However, Chase Manhattan Bank was in charge of Pascal's estate, and the musical rights to Pygmalion were fought for by Lerner and Loewe and MGM, whose executives called Lerner to discourage him from challenging the studio. Loewe famously said to him, "We will write the show without the rights, and when the time comes for them to decide who is to get them, we will be so far ahead of everyone else that they will be forced to give them to us."[2] For five months Lerner and Loewe wrote, hired technical designers, and made casting decisions. By the time the bank had to give away the rights, it chose Lerner and Loewe.
After much deliberation, Rex Harrison agreed to play Professor Higgins. Julie Andrews was "discovered" when the creative team went to see her Broadway debut in The Boy Friend. Moss Hart agreed to direct after hearing only two songs. The show quickly went into rehearsal.

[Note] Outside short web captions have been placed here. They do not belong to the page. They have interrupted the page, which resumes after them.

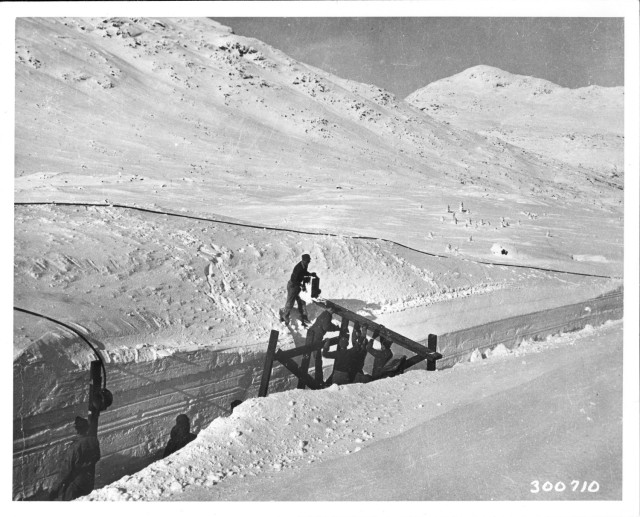 An Alaska Cable System crew lays submarine cable from flat cars along White Pass and Yukon Route Railroad.  During winter of 1946-47 the severe storms caused almost continued circuit outage so the cable is laid to replace the wire lines. 1...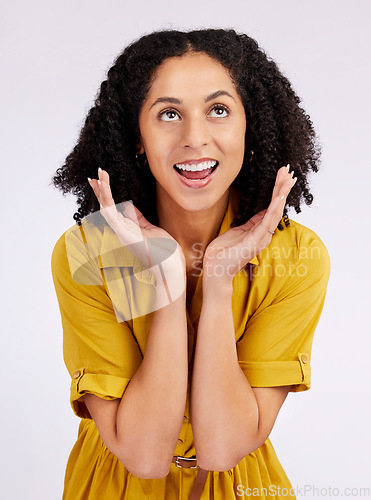 Image of Wow, surprise and hands on face of woman in studio looking up for info, promo or news on white background. Omg, announcement and female with emoji expression to gossip, secret or unexpected wtf drama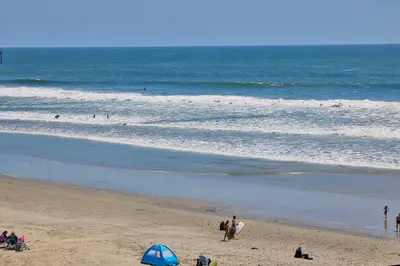 a group of people on a beach with the ocean at Oceanside Beach Condos in Oceanside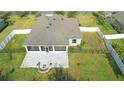 Aerial view of a home featuring a screened-in patio, brick fire pit, and fenced-in yard at 108 Blanco Dr, Deland, FL 32724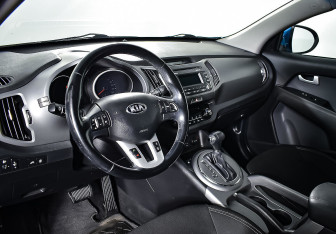Подержанный автомобиль Kia Sportage 2015 года (10 фото)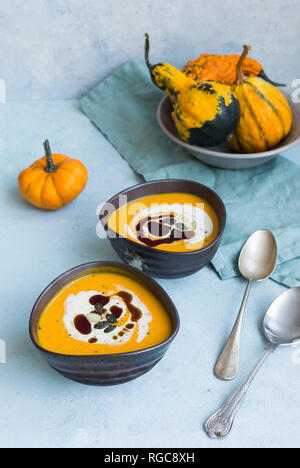 Two bowls of homemade Hokkaido pumpkin soup garnished with cream, pumpkin seed oil and pumpkin seed Stock Photo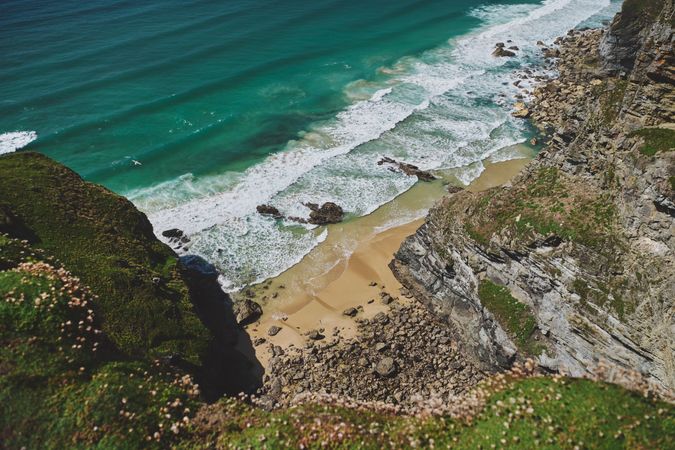 View from a cliff looking down on a small cove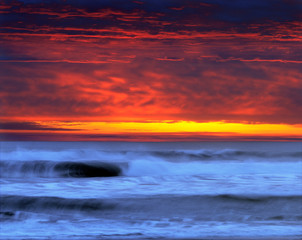 Sticker - USA, California, Del Norte Co. Dramatic clouds and breaking waves end the day on the coast in Del Norte County, California.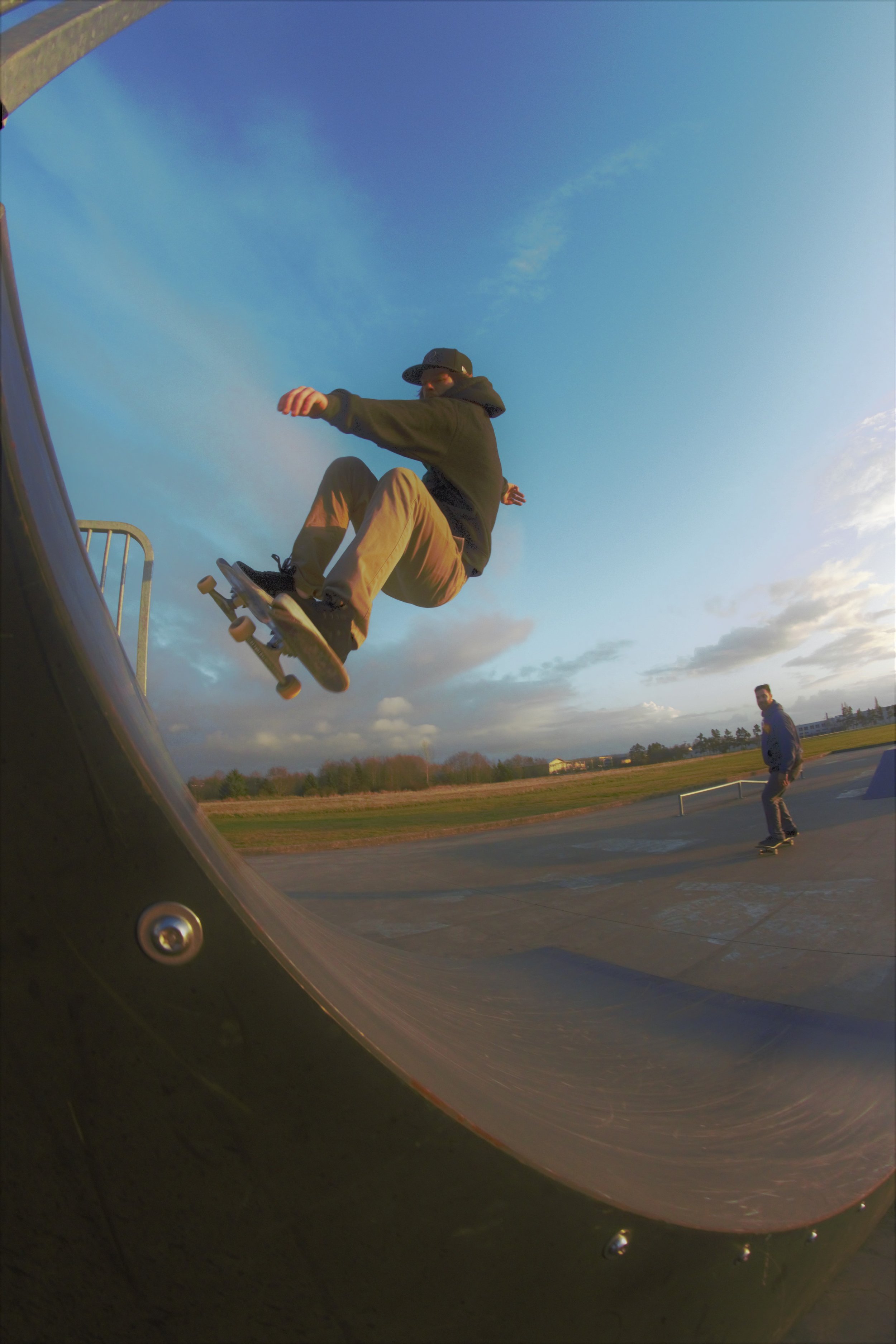A skateboarder in a black hoodie and tan pants performing a trick in the air at a skate park during sunset, with another person skating in the background and an open field beyond.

The musical had its pre-Broadway tryout at New Haven's Shubert Theatre. On opening night Rex Harrison, who was unused to singing in front of a live orchestra, "announced that under no circumstances he would go on that night . . . with those thirty-two interlopers in the pit."[3] He locked himself in his dressing room and came out only a little more than an hour before curtain time. The whole company had been dismissed but were somehow rounded up by assistant stage manager Bernie Hart, Moss's brother. The result: opening night was a triumph.[4]
Beginning on February 15, 1956, the show played for four weeks at the Erlanger Theatre in Philadelphia. It then opened on March 15 1956, at the Mark Hellinger Theatre in New York City. It ran for 2,717 performances, a record at the time. Moss Hart directed and Hanya Holm was choreographer. The original cast included Rex Harrison, Julie Andrews, Stanley Holloway, Robert Coote, Cathleen Nesbitt, John Michael King, and Reid Shelton. Edward Mulhare and Sally Ann Howes replaced Harrison and Andrews later in the run.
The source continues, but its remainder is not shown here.